Number Of Ingredients 14

3/4 cup flour
1 teaspoon baking powder
1/4 teaspoon salt
3 eggs
1 cup granulated sugar
1/3 cup water
1 1/2 teaspoons vanilla, divided
1 teaspoon almond extract
powdered sugar
2 cups heavy cream
3/4 cup powdered sugar
3 tablespoons Amaretto or 3 tablespoons almond extract
1 1/4 cups slivered almonds, lightly toasted
2/3 cup seedless raspberry jam

Steps:

  • Heat oven to 375 degrees.
  • Line a 15 x 10 jelly roll pan with foil or parchment. Grease heavily with shortening.
  • Combine flour, baking powder, and salt. Put aside.
  • Beat eggs on high speed until foamy (3-5 minutes).
  • Gradually beat in granulated sugar.
  • On low speed beat in water, 1/2 teaspoons vanilla, and almond extract.
  • Gradually beat in flour mixture until smooth.
  • Pour evenly into pan.
  • Bake 12-15 minutes or until toothpick comes out clean.
  • Meanwhile, sift powdered sugar onto a towel until evenly coated.
  • When cake is done, IMMEDIATELY reverse pan onto towel. Peel off foil. Roll up cake and towel together from narrow end.

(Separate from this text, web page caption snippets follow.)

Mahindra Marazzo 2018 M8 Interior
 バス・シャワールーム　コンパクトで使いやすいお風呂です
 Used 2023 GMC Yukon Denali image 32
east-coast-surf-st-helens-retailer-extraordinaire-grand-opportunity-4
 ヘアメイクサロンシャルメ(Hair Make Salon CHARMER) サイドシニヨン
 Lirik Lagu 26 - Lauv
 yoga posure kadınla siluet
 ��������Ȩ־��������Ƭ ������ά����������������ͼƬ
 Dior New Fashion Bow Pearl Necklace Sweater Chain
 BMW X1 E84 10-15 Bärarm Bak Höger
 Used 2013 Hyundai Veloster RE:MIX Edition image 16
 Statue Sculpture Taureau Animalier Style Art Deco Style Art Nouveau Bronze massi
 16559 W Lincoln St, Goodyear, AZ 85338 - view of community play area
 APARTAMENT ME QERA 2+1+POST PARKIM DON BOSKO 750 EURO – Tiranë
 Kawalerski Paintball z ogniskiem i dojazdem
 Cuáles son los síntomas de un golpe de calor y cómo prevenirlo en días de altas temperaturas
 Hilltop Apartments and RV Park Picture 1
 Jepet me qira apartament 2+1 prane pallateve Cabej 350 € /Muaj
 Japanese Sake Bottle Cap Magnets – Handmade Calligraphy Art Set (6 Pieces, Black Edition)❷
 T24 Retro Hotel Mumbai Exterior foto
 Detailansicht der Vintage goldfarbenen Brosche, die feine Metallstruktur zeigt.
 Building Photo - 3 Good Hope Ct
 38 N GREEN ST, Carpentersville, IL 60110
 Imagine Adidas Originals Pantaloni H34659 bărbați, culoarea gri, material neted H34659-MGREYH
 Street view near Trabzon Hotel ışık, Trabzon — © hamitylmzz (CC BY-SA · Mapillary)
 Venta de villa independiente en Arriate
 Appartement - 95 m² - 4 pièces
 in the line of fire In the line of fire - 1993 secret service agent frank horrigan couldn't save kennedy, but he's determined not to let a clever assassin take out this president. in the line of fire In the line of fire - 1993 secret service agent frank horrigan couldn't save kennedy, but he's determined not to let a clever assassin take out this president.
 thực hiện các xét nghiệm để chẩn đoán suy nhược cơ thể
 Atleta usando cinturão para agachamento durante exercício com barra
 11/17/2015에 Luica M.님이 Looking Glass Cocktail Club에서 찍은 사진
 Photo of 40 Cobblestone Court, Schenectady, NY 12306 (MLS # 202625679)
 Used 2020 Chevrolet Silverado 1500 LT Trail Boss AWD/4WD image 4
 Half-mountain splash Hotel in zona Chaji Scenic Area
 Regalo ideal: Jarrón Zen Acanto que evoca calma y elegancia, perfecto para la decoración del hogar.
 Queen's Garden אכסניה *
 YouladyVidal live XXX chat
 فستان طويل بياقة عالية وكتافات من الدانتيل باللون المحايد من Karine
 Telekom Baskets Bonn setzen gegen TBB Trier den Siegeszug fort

Cool thoroughly on wire rack.
  • Meanwhile, whip heavy cream, 3/4 cup powdered sugar, remaining 1 teaspoon vanilla, and amaretto until stiff.
  • Finely chop 1 cup almonds and fold into half of the whipped cream.
  • Reserve remaining whipped cream in refrigerator.
  • Stir raspberry jam until smooth and spreadable.
  • Unroll cooled cake. Spread on jam.
  • Spread whipped cream/almond mixture on top of jam, leaving 1" border at one end.
  • Carefully roll cake, starting from opposite end.
  • Place on serving plate, seam-side down. Frost with remaining whipped cream. Decorate with remaining 1/4 cup almonds. Serve immediately or refrigerate.

Tips:

  • Mise en Place: Make sure you have all ingredients measured and equipment ready before starting.
  • Be Patient: Sponge cakes need time to rise and cool properly.
  • Roll the Cake Warm: The cake should be warm when you roll it to prevent cracking.
  • Use Plenty of Filling: Don't be shy with the filling. The more filling, the better the roll.
  • Chill the Roll: After rolling, chill the cake for at least 30 minutes before slicing to allow the flavors to meld.
  • Slice with a Sharp Knife: Use a sharp knife to slice the roll cleanly.
  • Garnish with Fresh Berries: For a final touch, garnish the roll with fresh raspberries or other berries.

Conclusion:

This raspberry amaretto jelly roll is a delicious and elegant dessert that is perfect for any occasion. With its light and fluffy sponge cake, creamy amaretto filling, and tart raspberry preserves, this roll is sure to impress your guests. Follow these tips to ensure your jelly roll turns out perfectly every time.